Matéria anti-Fome Zero e propaganda do governo sobre o Fome Zero publicadas na Folha em março de 2003.

Quem viu, ainda ontem, o oligopólio da mídia corporativa que opera no Brasil publicar e transmitir indignação com a volta do Brasil ao mapa da fome, e escândalo sempre que Jair Bolsonaro minimizava a fome no Brasil, há de se lembrar, ou nem por isso, que há exatos 20 anos, nos primeiros meses do governo Lula 1, a mídia empresarial desencadeou uma verdadeira guerra contra o programa Fome Zero, concomitantemente ao início da guerra movida por Bush 2 contra o Iraque.

Assessor especial de Comunicação da Presidência da República nos primeiros anos do primeiro governo Lula, o jornalista, escritor e professor Bernardo Kucinski municiava Lula com uma espécie de jornal particular, com textos “escritos diariamente, impressos, guardados em envelopes e entregues ao presidente na primeira hora do dia”, contendo análises sobre o que davam a TV e os jornais sobre aquele outro, já longínquo, início de um governo do PT, o primeiríssimo – e “circulando”, as “cartas a Lula” de Kucinski, até 2006.

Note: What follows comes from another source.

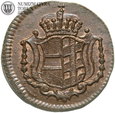 Austria, 1 heller 1791 H, #64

Mais recentemente, as cartas de Bernardo Kucinski a Lula saíram reunidas em livro, vindo a público pela primeira vez. Logo no primeiro capítulo estão as cartas sobre o Bolsa Família e o Fome Zero. Ali, Kucinski participa o presidente sobre, por exemplo, como o “potencial emancipador do Fome Zero mexe com a mídia”, que bombardeava o programa com – palavras de Kucinski – “fogo ininterrupto”.

Vale muito a pena revisitar uma dessas cartas em especial, que chegou às mãos de Lula na primeira hora do dia de um dia de março de 2003, para dar a medida de até que ponto a perspectiva de verdadeiro avanço da Democracia mexe com o oligopólio da mídia; de até que ponto o oligopólio da mídia pode chegar em sua incurável alergia a coisa diferente, oposta, a políticas antipovo.

Segue abaixo.

O grosso da mídia continua se opondo ao programa

Matérias contra o Fome Zero continuam predominando. As últimas foram:

“Marketing do Fome Zero”, em Dinheiro deste fim de semana.

“O que há de errado no Fome Zero”, de Maria Hermínia no Estadão do domingo.

“Morrer de fome é raro no país”, na Folha da terça-feira.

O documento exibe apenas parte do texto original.